Slicing technology: An innovative edge
Blade sharpeners, embedded chips and vision technology continue to keep slicers running.
"Trying to slice bacon with a dull blade is like having a screen door on a submarine — in either case you are in trouble,” says Mike Bliss, vice president of operations at Butterball.
The meat industry certainly has many important factors to consider when selecting slicers — not least among them sharpeners — such as sturdiness, efficiency, ergonomics, speed and sanitation. And in terms of features processors find most helpful to daily operations, most manufacturers of slicers now offer blade sharpeners.
“This is crucial when operating multiple lines, and in my opinion, is worth the investment,” Bliss says. Manufacturers also are installing high-tech technology so processors can better monitor slicers.
“We now see slicers offered with an embedded chip in the blade that allows processors to better track how often and how many times the blade has been sharpened,” Bliss says. “We’ve found that feature to be extremely helpful.”
Moreover, vision technology is also receiving renewed attention.

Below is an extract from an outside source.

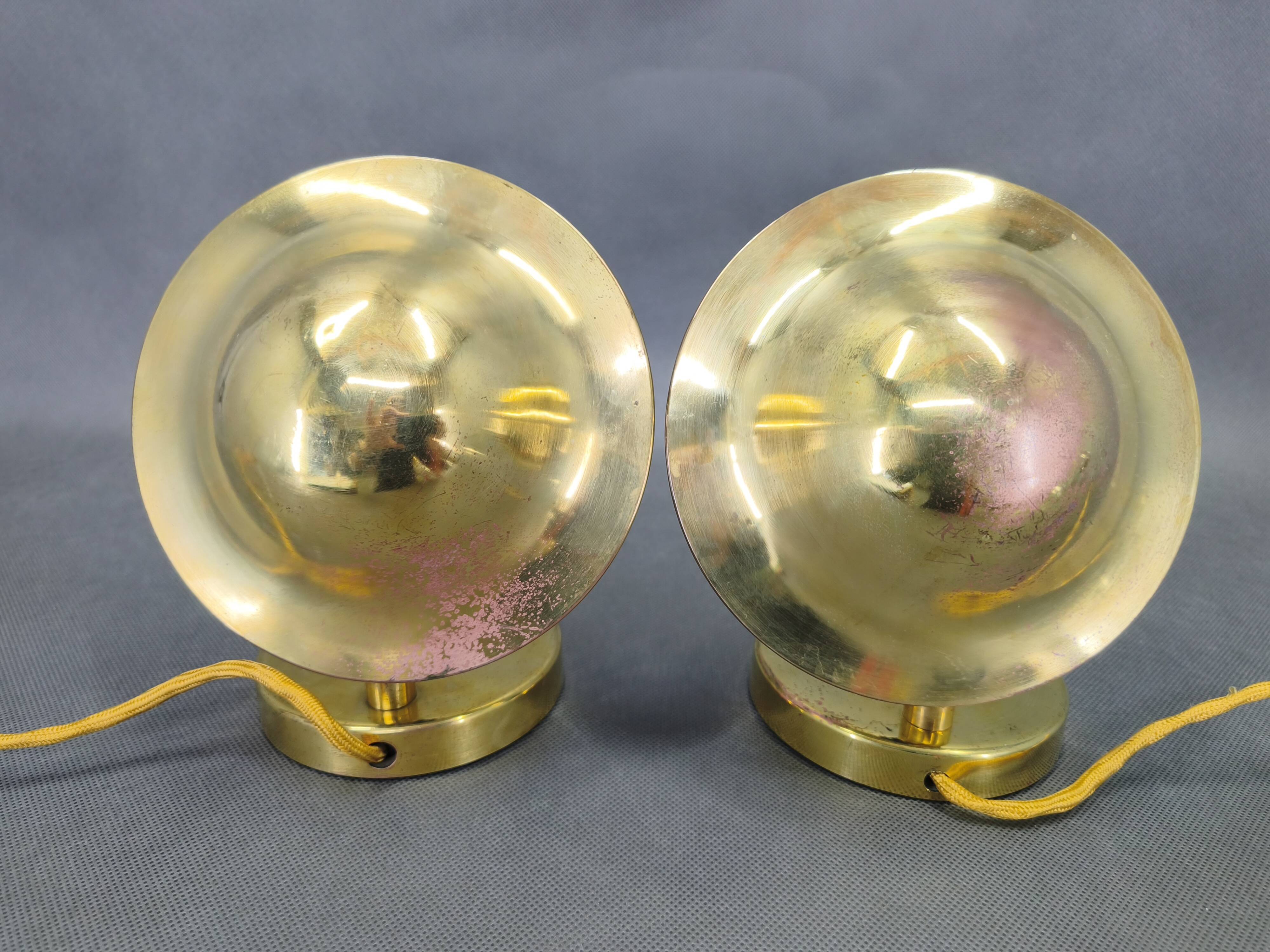 Pair of Art Deco Adjustable Brass Table Lamps, 1930s Czechoslovakia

“It can be used to grade slices, control giveaway and to produce a more consistent quality product over time — all without sacrificing output,” Bliss says. “Currently the cost of this feature can be prohibitive for some processors; however, in time, this too will settle in and become a more affordable option or even a standard feature.”

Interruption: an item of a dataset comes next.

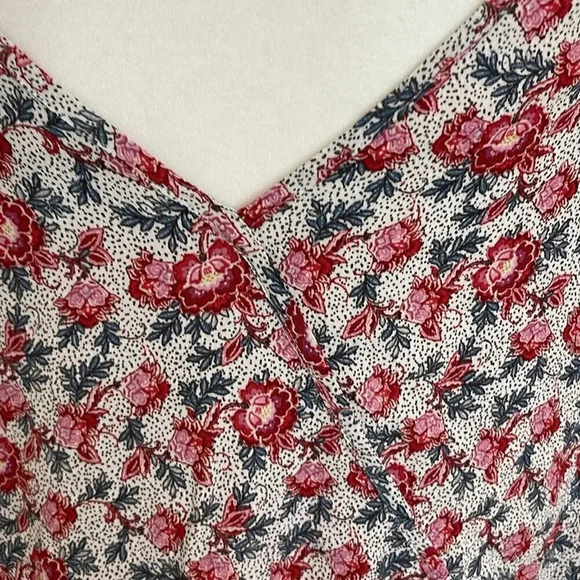 Loft Paisley Wrap Back Cropped Top Size L - Picture 5 of 11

Vision technology was first applied to whole-muscle technology, not slicing, notes Jeffrey J. Sindelar, Ph.D., extension meat specialist at University of Wisconsin-Madison.
“It has been surprisingly effective at slice speeds,” he says. “The real-time ability to evaluate and sort product has been advantageous from a quality standpoint, and a true technology breakthrough.”

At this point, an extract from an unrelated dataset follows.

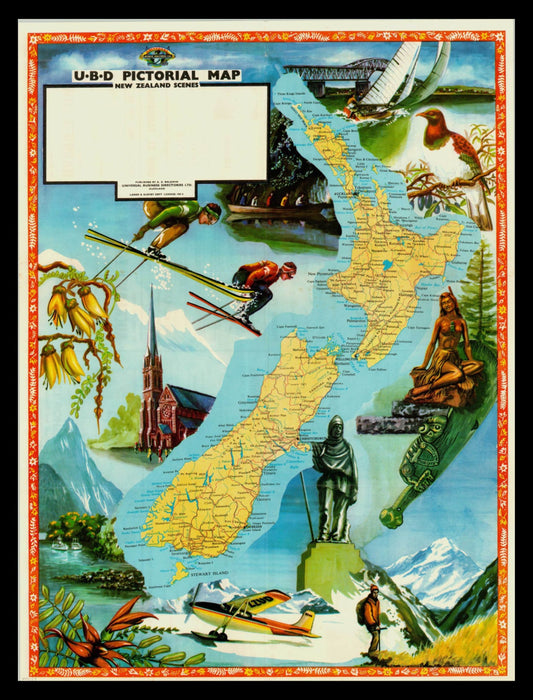 Carte illustrée de la Nouvelle-Zélande entourée de dessins colorés représentant le ski, la culture maorie, la faune et des paysages montagneux.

In fact, slicing technology itself, all things considered, is still pretty impressive due to its pace, uniformity and precision, says Sindelar. “And now by adding grading slices to the mix, slicing is taking technology to the next level,” he says.
Are there any challenges associated with slicing equipment upkeep that haven’t been addressed but should be?
“As technology improves, the design of the equipment must change,” Bliss says. “We want the OEMs (original equipment manufacturers) to bring forth new ideas and ways of improvement. However, at the same time, we need to be certain that they are addressing water intrusion and simplistic trouble shooting and repair into their design.”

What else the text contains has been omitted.